The problem →
What you return must match the listing exactly, with every image removed.

Data extracts →

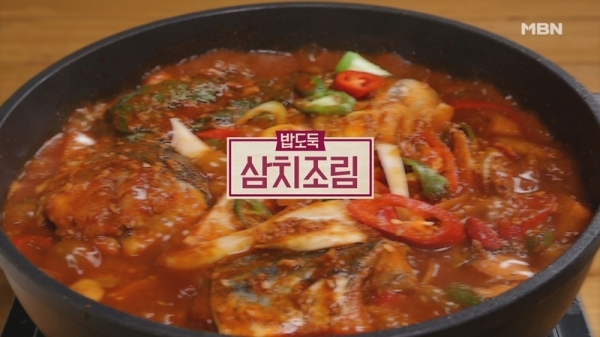 '알토란' 삼치조림. 공식 홈페이지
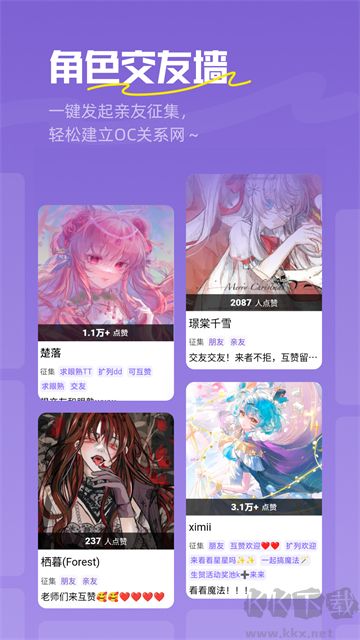 臨界app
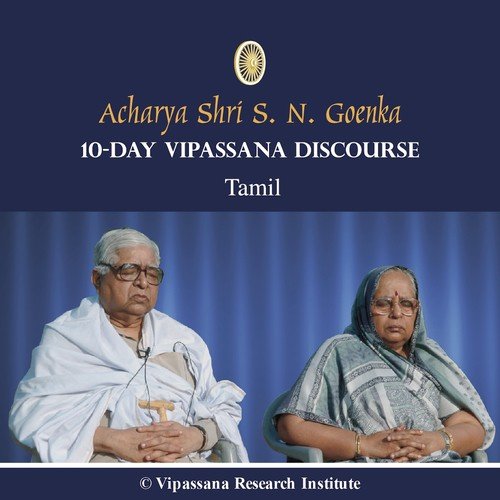 05 Day   Tamil   Discourses   Vipassana Meditation - S. N. Goenka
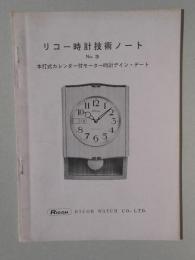 リコー時計技術ノートNO３　本打式カレンダー付モーター時計デイン・デート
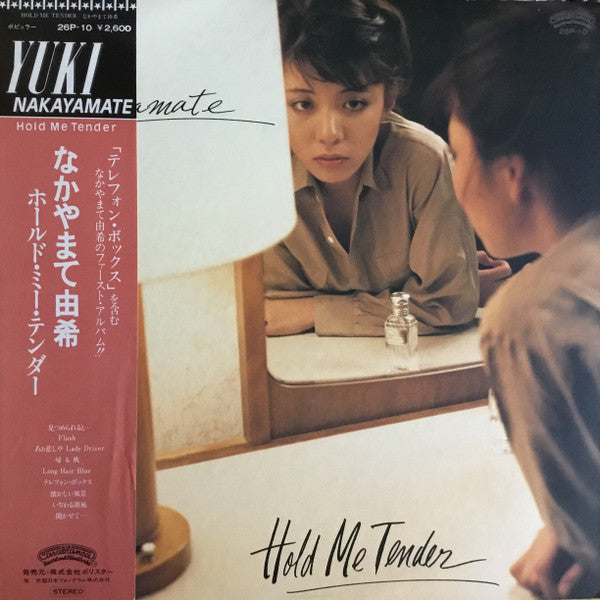 Yuki Nakayamate : Hold Me Tender (LP, Album)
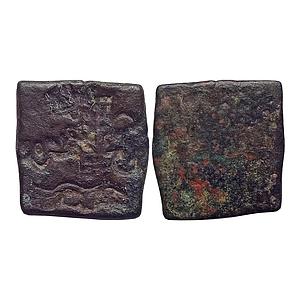 Ancient Malwa Eran Region Copper PMC Unit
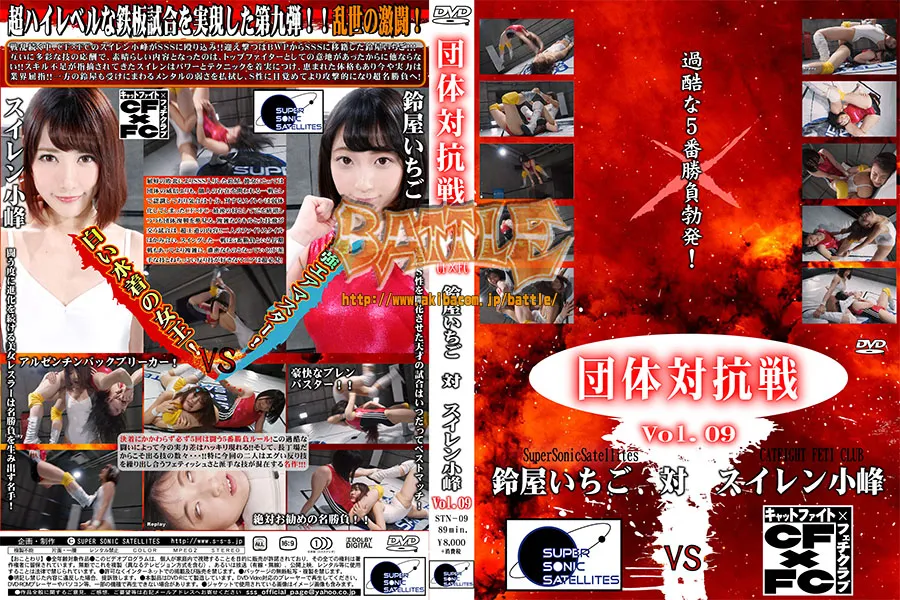 団体対抗戦Vol.09 SSS vs CFxFC　鈴屋いちごvsスイレン小峰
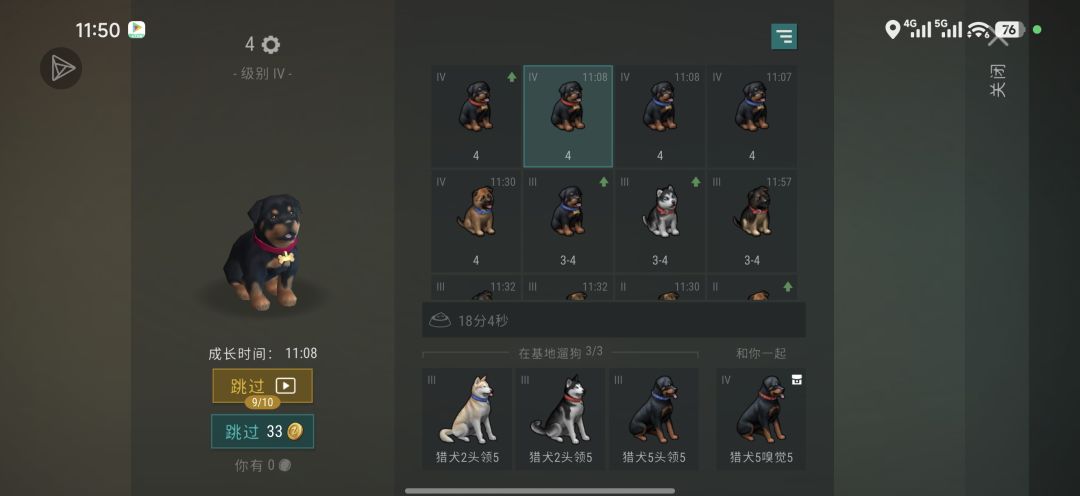 一堆四级狗 1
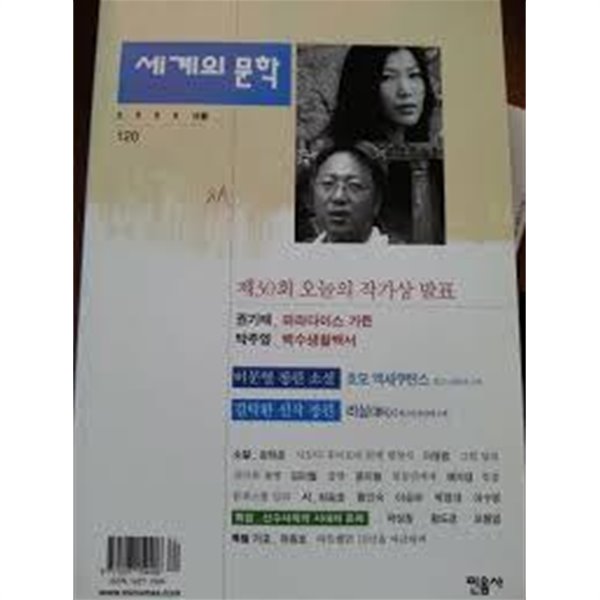 세계의문학 2006 여름 120호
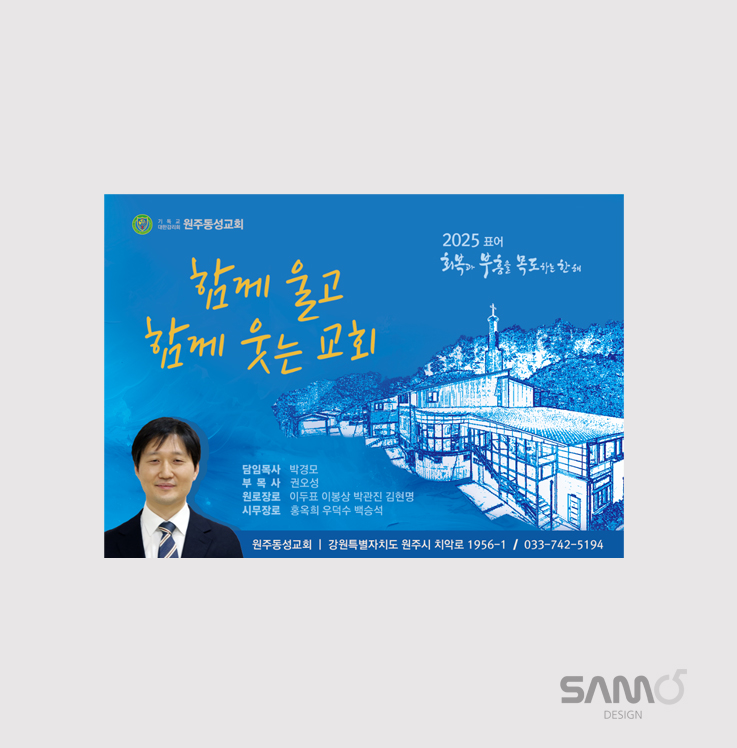 페이지디자인 이미지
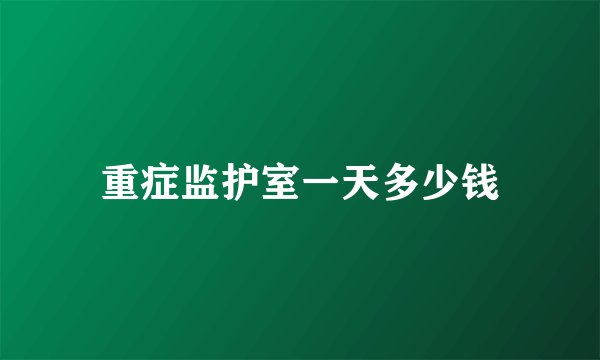 重症监护室一天多少钱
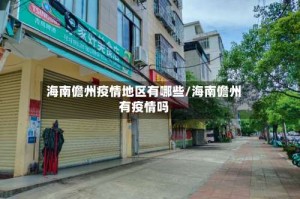 海南儋州疫情地区有哪些/海南儋州有疫情吗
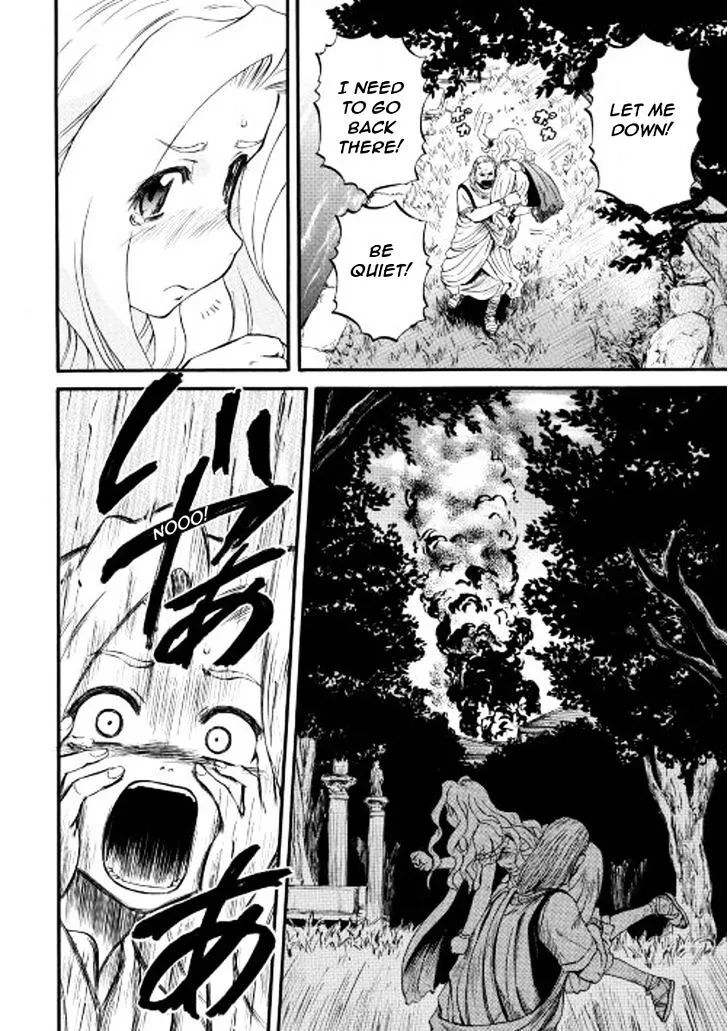 Gate - Jietai Kare No Chi Nite, Kaku Tatakeri Zinmanga X Chapter 59 Page 34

Response for this exercise →
 '알토란' 삼치조림. 공식 홈페이지
 臨界app
 05 Day   Tamil   Discourses   Vipassana Meditation - S. N. Goenka
 リコー時計技術ノートNO３　本打式カレンダー付モーター時計デイン・デート
 Yuki Nakayamate : Hold Me Tender (LP, Album)
 Ancient Malwa Eran Region Copper PMC Unit
 団体対抗戦Vol.09 SSS vs CFxFC　鈴屋いちごvsスイレン小峰
 一堆四级狗 1
 세계의문학 2006 여름 120호
 페이지디자인 이미지
 重症监护室一天多少钱
 海南儋州疫情地区有哪些/海南儋州有疫情吗
 Gate - Jietai Kare No Chi Nite, Kaku Tatakeri Zinmanga X Chapter 59 Page 34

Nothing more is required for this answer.